Retype the lines below exactly, but only those from the line that has "Just bought this 🔴 In-season Nice stack!🔥" through the line that has "Plastic Hard Shell". Omit every picture.

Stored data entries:
_____
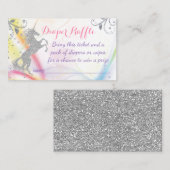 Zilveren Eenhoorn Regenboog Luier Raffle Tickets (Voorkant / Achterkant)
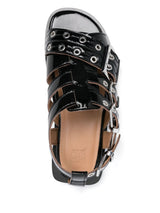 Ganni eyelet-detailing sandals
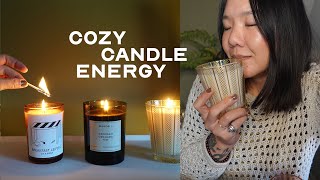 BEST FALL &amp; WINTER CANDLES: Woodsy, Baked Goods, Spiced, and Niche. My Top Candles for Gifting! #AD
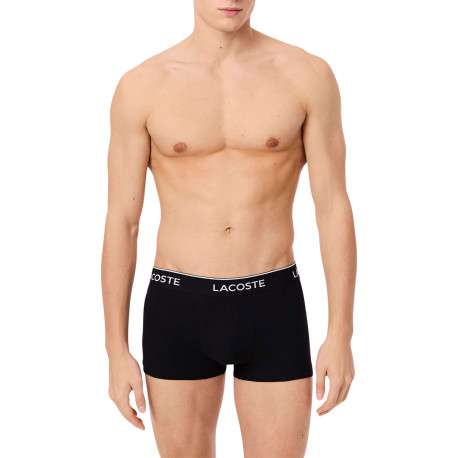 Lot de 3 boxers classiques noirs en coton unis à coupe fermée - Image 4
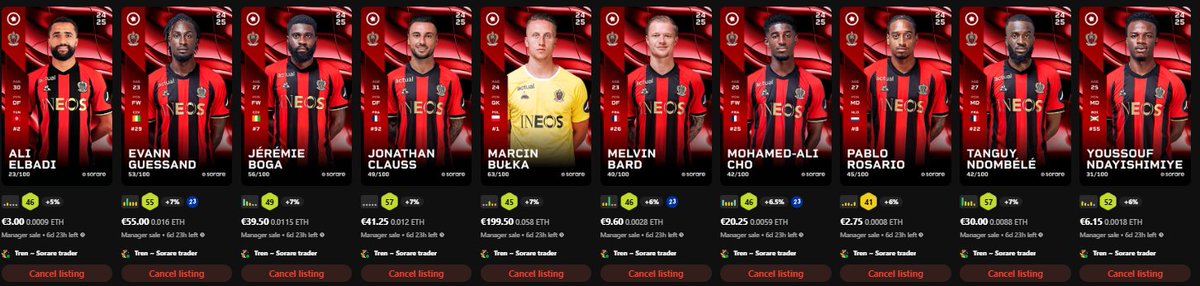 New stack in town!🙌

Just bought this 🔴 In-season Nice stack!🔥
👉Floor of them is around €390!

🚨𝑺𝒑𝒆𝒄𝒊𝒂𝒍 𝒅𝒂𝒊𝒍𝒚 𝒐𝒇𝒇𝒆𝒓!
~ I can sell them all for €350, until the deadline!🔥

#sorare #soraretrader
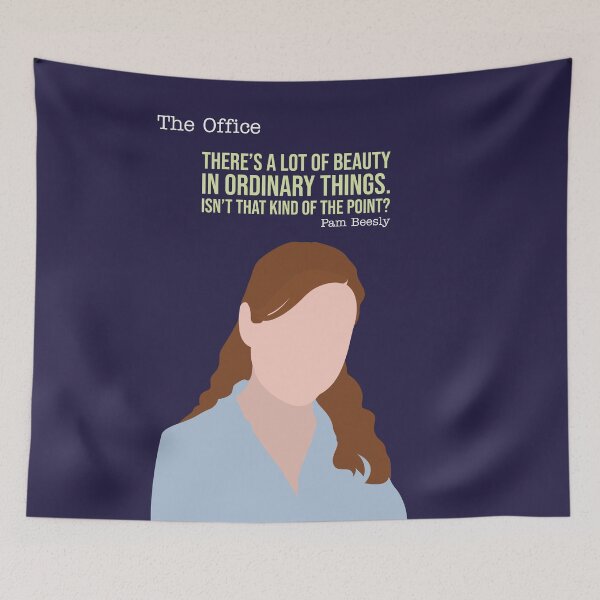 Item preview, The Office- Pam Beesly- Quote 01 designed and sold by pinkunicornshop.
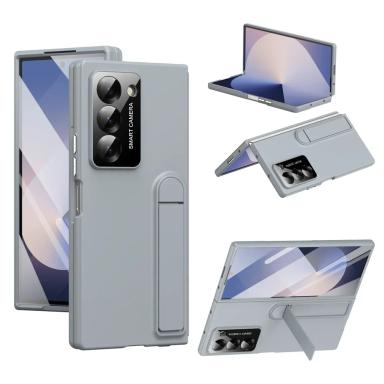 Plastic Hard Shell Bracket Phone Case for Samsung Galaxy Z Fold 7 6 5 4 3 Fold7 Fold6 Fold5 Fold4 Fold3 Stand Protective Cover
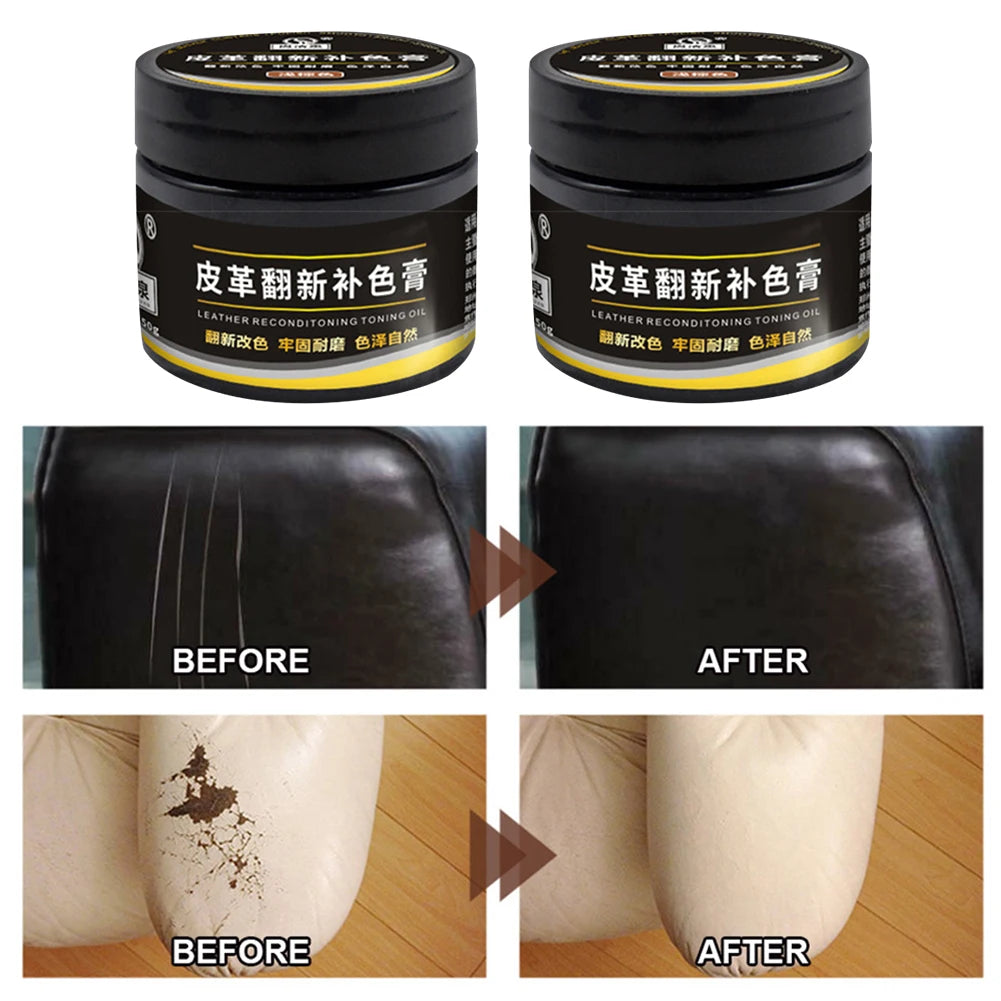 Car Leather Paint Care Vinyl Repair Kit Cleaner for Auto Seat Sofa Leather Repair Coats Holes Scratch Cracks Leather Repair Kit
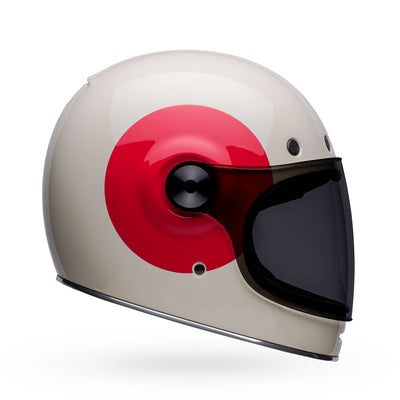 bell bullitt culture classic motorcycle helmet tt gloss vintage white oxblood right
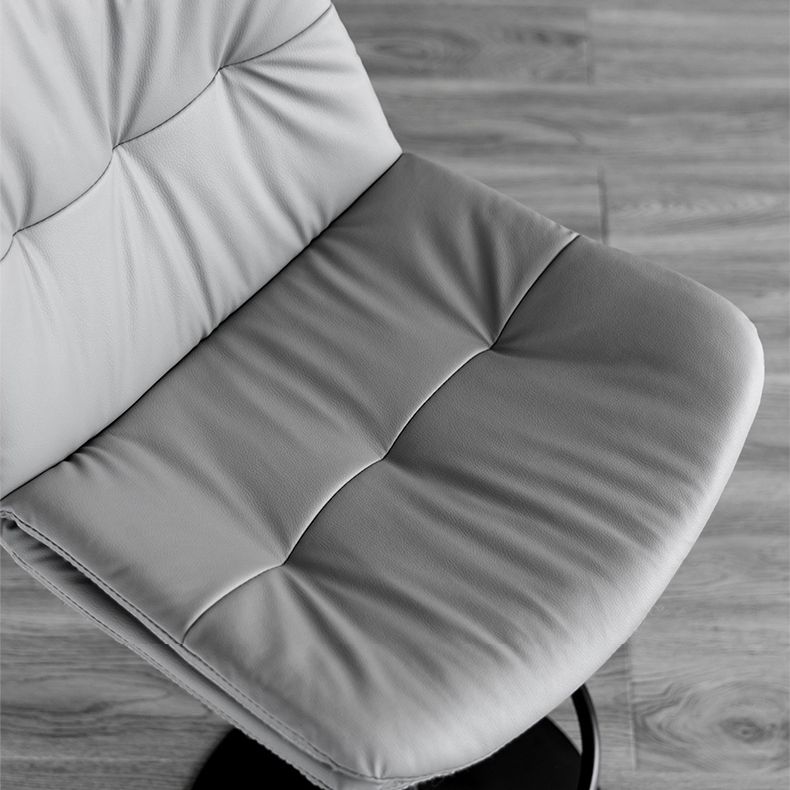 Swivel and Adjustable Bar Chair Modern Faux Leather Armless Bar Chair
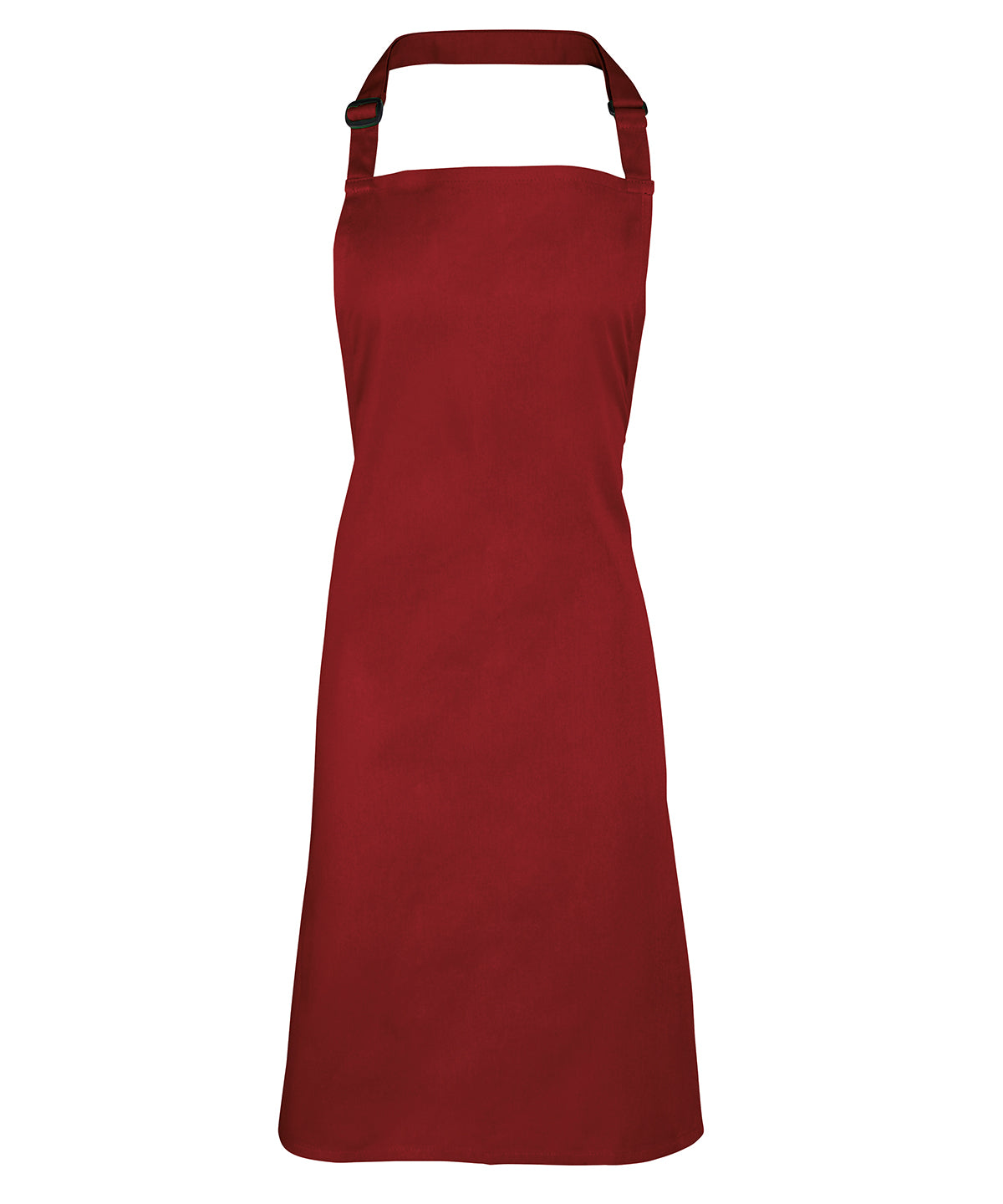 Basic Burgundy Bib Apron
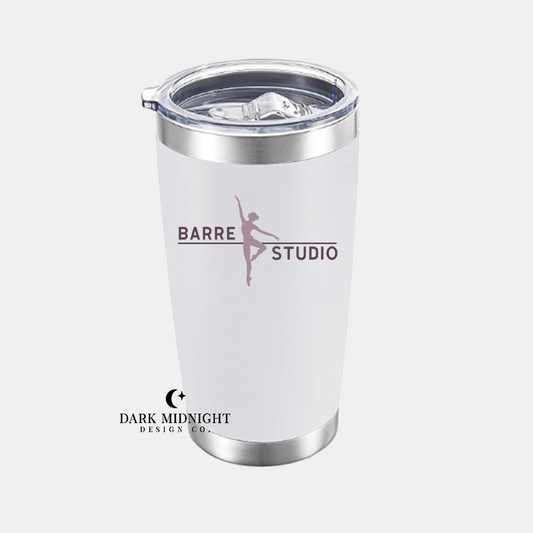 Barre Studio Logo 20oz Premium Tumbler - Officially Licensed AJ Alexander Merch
_____
## Solution to the exercise
Just bought this 🔴 In-season Nice stack!🔥
👉Floor of them is around €390!

🚨𝑺𝒑𝒆𝒄𝒊𝒂𝒍 𝒅𝒂𝒊𝒍𝒚 𝒐𝒇𝒇𝒆𝒓!
~ I can sell them all for €350, until the deadline!🔥

#sorare #soraretrader
 Item preview, The Office- Pam Beesly- Quote 01 designed and sold by pinkunicornshop.
 Plastic Hard Shell Bracket Phone Case for Samsung Galaxy Z Fold 7 6 5 4 3 Fold7 Fold6 Fold5 Fold4 Fold3 Stand Protective Cover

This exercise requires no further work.